Differential Effects of Endothelin Receptor Activation on Cyclic Flow Variations in Rat Mesenteric Arteries

Abstract

Background Cyclic flow variations (CFVs) represent repetitive cycles of platelet adherence–aggregation and vasoconstriction, followed by dislodgment of platelet thrombi and restoration of blood flow at the site of vascular injury. Although activation of endothelin A (ETA) and endothelin B (ETB) receptors leads to vasoconstriction and nitric oxide release, respectively, the roles of endogenous endothelin-1 (ET-1) and its receptors in CFVs are unknown. Methods and Results A side branch of a mesenteric artery of male Wistar rats was cannulated and a short segment of the artery was mechanically injured to induce CFVs.
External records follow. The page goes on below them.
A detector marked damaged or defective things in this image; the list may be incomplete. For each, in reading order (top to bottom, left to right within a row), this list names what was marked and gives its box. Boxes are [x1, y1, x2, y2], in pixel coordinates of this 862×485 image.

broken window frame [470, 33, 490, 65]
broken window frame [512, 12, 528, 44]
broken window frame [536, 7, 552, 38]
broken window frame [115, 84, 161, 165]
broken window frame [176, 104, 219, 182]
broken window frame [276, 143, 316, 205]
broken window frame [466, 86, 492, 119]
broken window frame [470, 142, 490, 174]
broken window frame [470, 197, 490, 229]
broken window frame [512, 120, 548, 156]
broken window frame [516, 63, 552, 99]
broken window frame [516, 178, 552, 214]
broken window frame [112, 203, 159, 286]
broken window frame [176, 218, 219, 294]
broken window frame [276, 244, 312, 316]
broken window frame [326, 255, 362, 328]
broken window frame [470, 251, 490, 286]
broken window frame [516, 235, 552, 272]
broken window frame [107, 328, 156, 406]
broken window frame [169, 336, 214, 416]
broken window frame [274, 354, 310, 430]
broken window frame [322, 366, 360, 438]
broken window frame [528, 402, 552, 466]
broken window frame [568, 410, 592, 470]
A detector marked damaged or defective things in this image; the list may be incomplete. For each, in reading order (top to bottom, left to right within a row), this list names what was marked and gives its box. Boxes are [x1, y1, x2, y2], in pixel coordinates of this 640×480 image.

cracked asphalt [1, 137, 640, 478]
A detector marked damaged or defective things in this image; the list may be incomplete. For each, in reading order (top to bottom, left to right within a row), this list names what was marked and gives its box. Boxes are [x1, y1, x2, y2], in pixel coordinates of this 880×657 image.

After 20 minutes of saline infusion, either saline (negative control), BQ-123 (ETA receptor antagonist, 10 μg/min), BQ-788 (ETB receptor antagonist, 10 μg/min), or sarafotoxin S6c (ETB receptor agonist, 10 ng/min) was infused for 20 minutes from the side branch into the injured arterial segment. Percent (%) luminal stenosis as well as proximal and distal vessel diameters were observed and quantitatively measured every minute using intravital video microscopy and a micrometer-calibrated video screen. Both BQ-123 and sarafotoxin S6c significantly reduced CFVs represented by the mean luminal stenosis (BQ-123=29±13% and sarafotoxin S6c=27±11% reduction, respectively; P <.05 for both, compared with saline). In contrast, BQ-788 significantly increased CFVs (33±6% increase, P <.05 compared with saline). Moreover, the inhibitory effect of sarafotoxin S6c on CFVs was completely abolished in the presence of N ω -nitro- l -arginine methyl ester (L-NAME) (a nitric oxide synthase inhibitor, 10 −5 mol/L) in superfusate over the arteries (16.1±5% increase, P =NS compared with saline in the presence of L-NAME). In addition, BQ-123 caused a significant increase in the diameter of the vessel distal to the injured segment (12±4% increase, P <.05 compared with saline). Conclusions Endogenous ET-1 release from sites of vascular injury contributes to CFVs and vasomotor tone in the rat mesenteric artery CFV model. ETA and ETB receptors have differential roles in CFVs: ETA receptor antagonism and ETB receptor stimulation reduce CFVs, the latter at least partially through increased nitric oxide formation.